### The problem
Could you print the stretch of lines below from the one with "Sky Blue Color" through the one with "Namafont Character Map", exactly as they stand and without any pictures?

### Records supplied
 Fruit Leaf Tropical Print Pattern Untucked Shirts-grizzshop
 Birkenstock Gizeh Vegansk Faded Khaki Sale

==

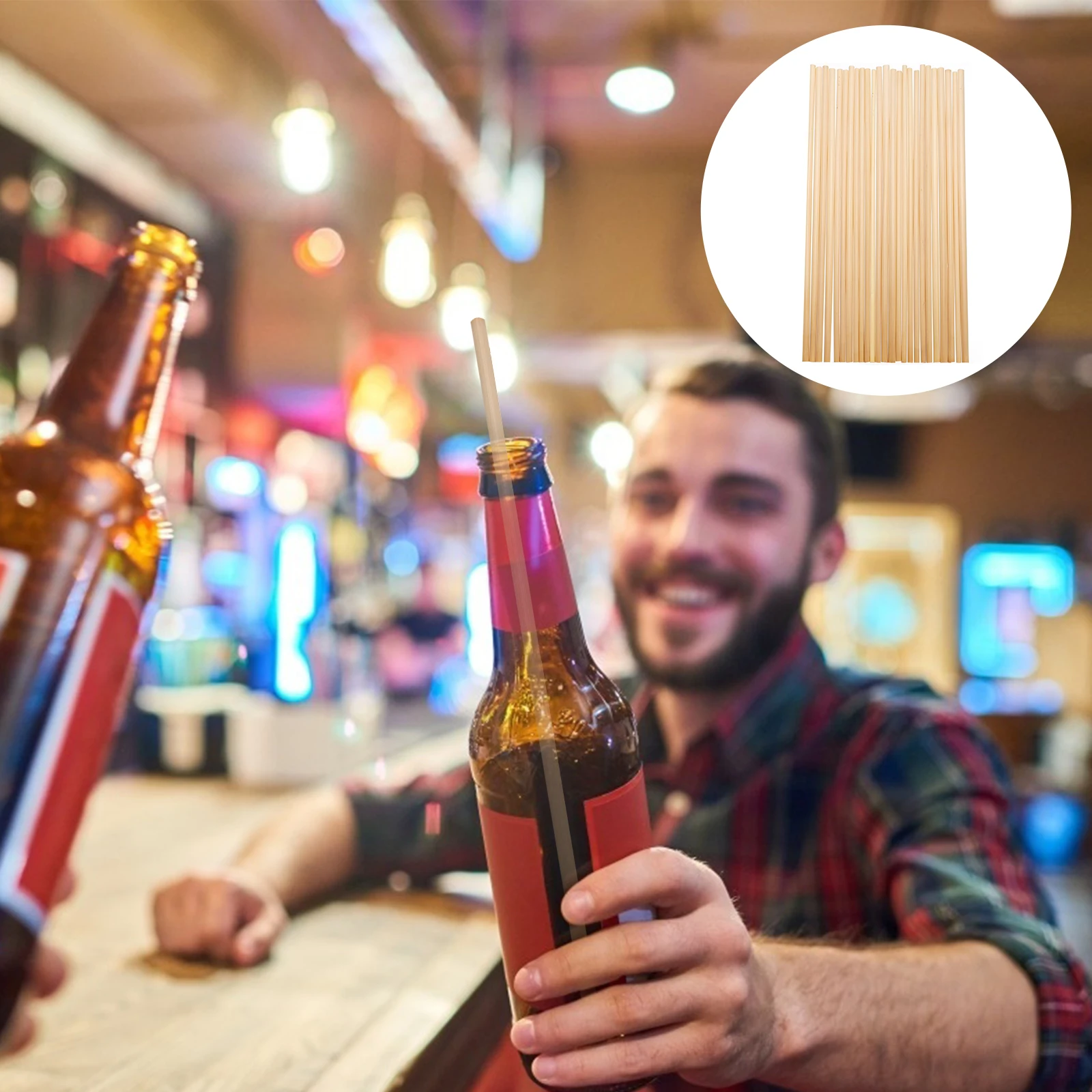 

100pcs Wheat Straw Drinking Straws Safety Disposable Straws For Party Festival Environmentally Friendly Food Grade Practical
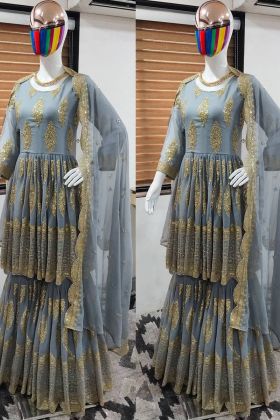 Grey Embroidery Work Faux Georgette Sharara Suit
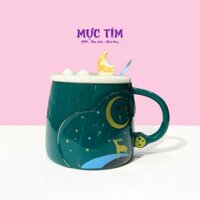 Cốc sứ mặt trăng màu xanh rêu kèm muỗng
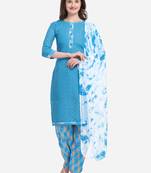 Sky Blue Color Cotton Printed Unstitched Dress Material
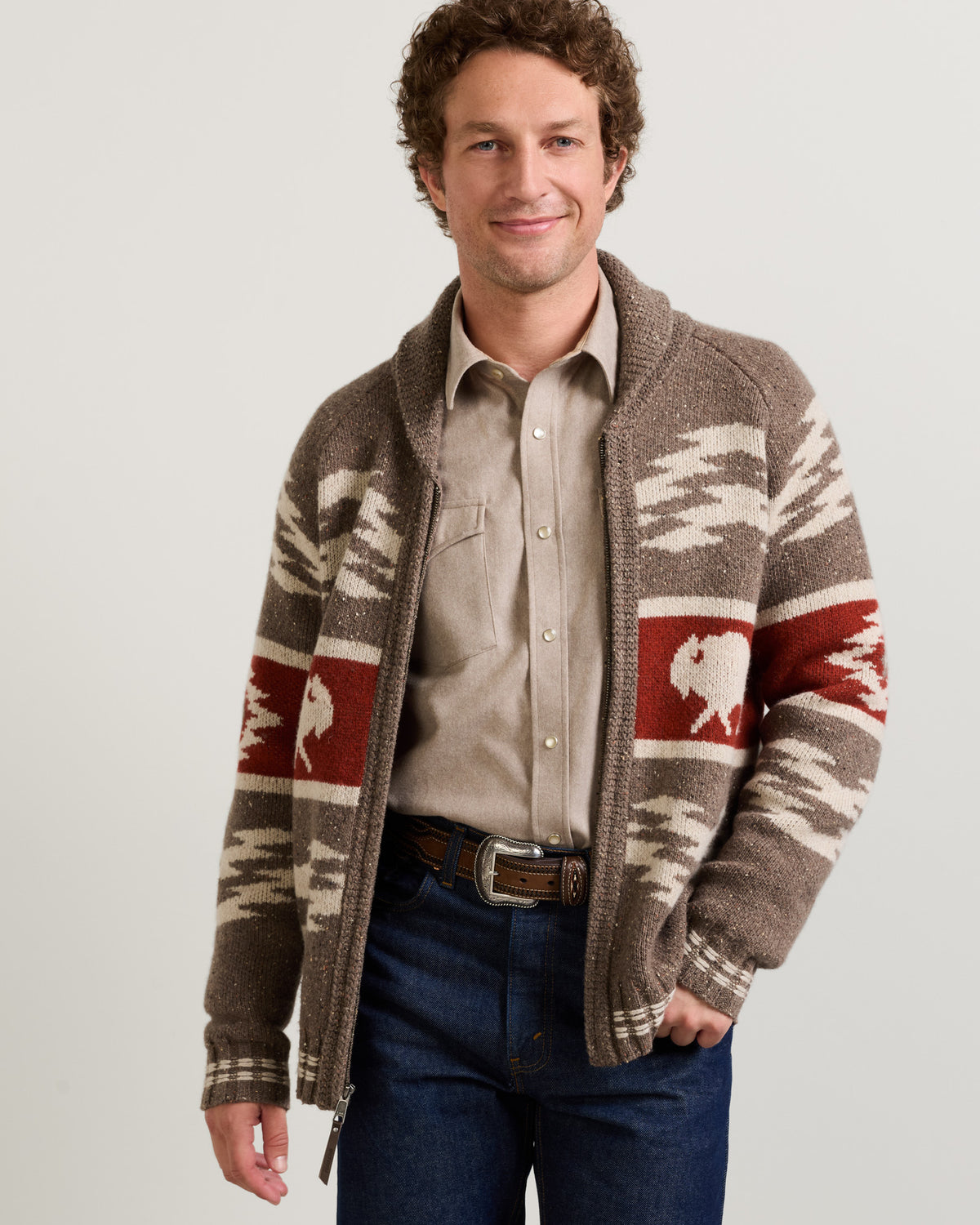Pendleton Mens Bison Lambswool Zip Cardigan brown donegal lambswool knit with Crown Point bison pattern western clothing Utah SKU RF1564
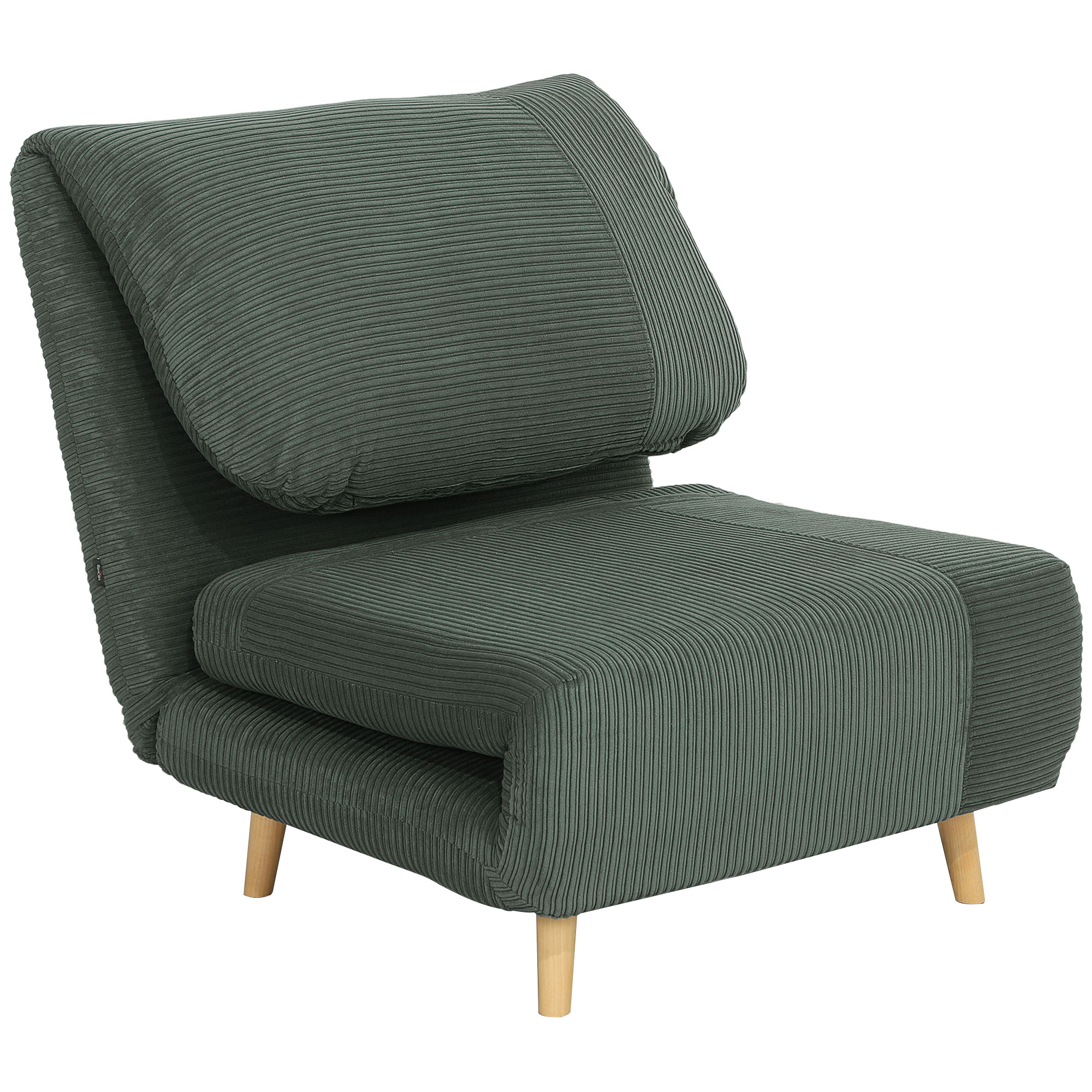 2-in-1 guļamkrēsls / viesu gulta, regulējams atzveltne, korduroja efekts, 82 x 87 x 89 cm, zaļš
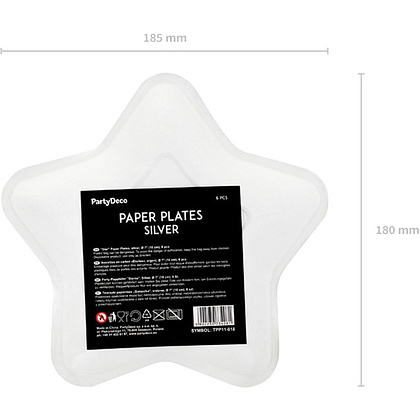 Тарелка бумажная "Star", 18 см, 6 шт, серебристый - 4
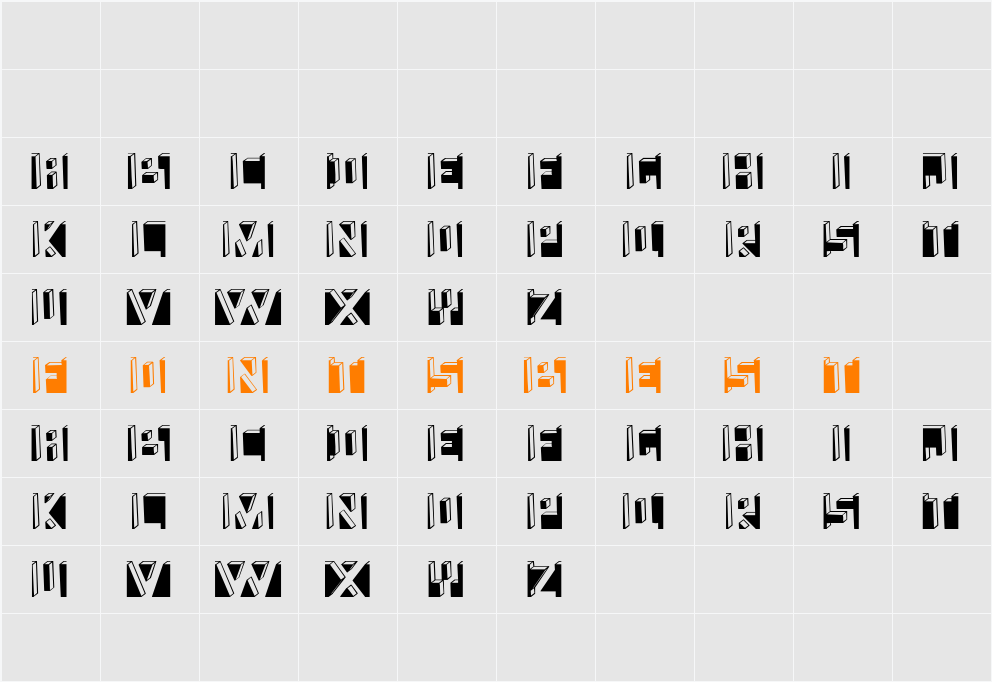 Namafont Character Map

### Finished task
 Sky Blue Color Cotton Printed Unstitched Dress Material
Pendleton Mens Bison Lambswool Zip Cardigan brown donegal lambswool knit with Crown Point bison pattern western clothing Utah SKU RF1564
 2-in-1 guļamkrēsls / viesu gulta, regulējams atzveltne, korduroja efekts, 82 x 87 x 89 cm, zaļš
 Тарелка бумажная "Star", 18 см, 6 шт, серебристый - 4
 Namafont Character Map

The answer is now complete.